This year, India hosted South Africa for five ODIs before playing a three-match series in England and Australia each. They lost all three series but made Australia, the No. 1 team, work really hard for their 2-1 win and also ended their 26-match winning streak in the third ODI there.
India will play World Cup hosts New Zealand for five ODIs before the World Cup in March-April.
"We have played three best teams since March and it has given us good preparation," Raj said after a partnership between KFC and Indian Deaf Cricket Association in Delhi on Wednesday. "Players have played domestic cricket and also in the Women's Big Bash so they are getting game time which is the most important thing.
"We are getting to play in New Zealand before World Cup which is also good."
India, who were unable to post 250-plus scores regularly earlier, did that twice in the Australia series and chased down 265 in the final ODI.
"When you play against a strong team in its backyard you try to give your best," Raj said. "Though we lost the series, the matches were very close. We scored 270 (274) and chased 270-odd, if we can do that consistently we will be among the best sides in world cricket."
India's middle-order batting needs improvement but Raj said all departments must fire as a unit if they are to win the World Cup.
"We bat as a unit so you can't pinpoint one area," she said. "There are times when the top order failed and the others performed. As a unit if we look to post a good total then it will help.
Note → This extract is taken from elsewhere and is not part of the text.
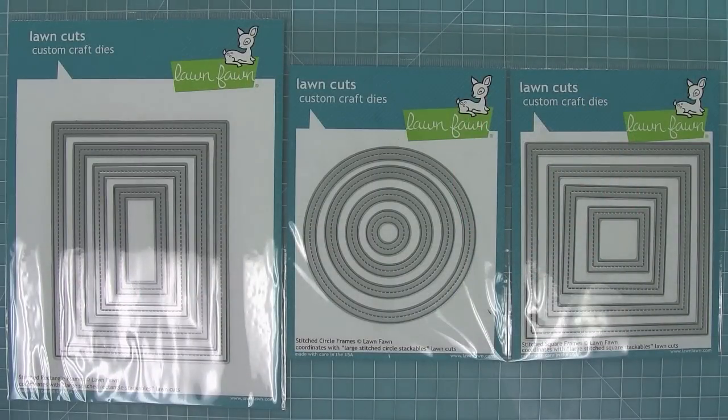Hello and welcome to another Lawn Fawn video. Today we are introducing our brand new stitch frame dies. We have rectangles, circles, and squares. These are so awesome for adding a nice detail to cards and they're perfect for making shaker cards, and I can't wait to show you that today.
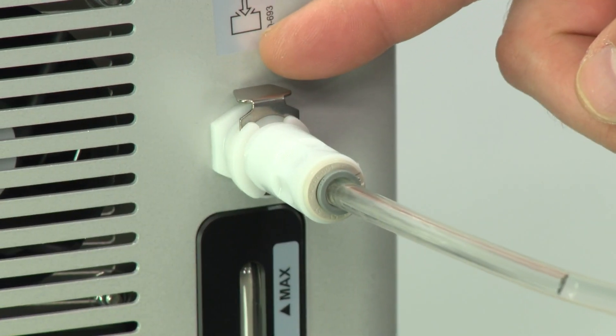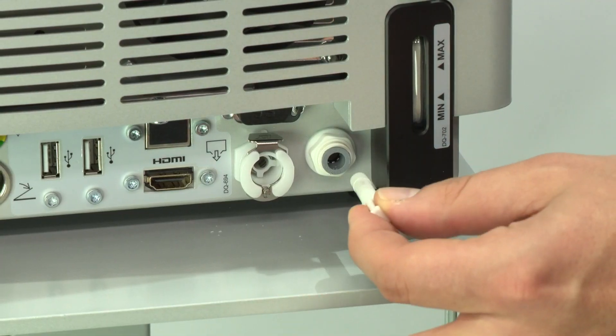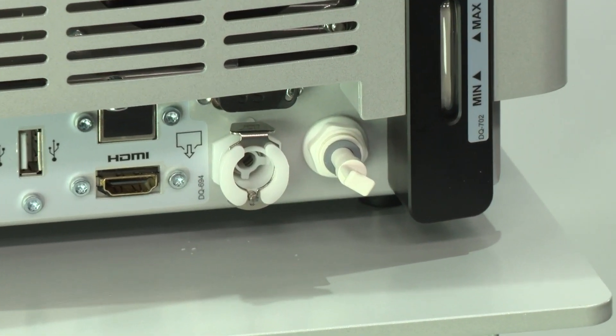Push the metal locking part down to remove the filling tube. Reinsert the air vent plug up to the stop.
If we focus on one area like middle order then it becomes too much of a burden for that particular slot."
India finished runners-up in the 2017 World Cup in England when not many expected them to but expectations will be higher this time.
"There were not enough expectations back then," Raj said. "Now in 2021, players have got experience and got a lot of exposure with the T20 leagues. Overall we have young players but they have got enough exposure. It is just of matter of gelling well as a team.
"Every match will be different there. The quicker we read our opponents the better it will be for us."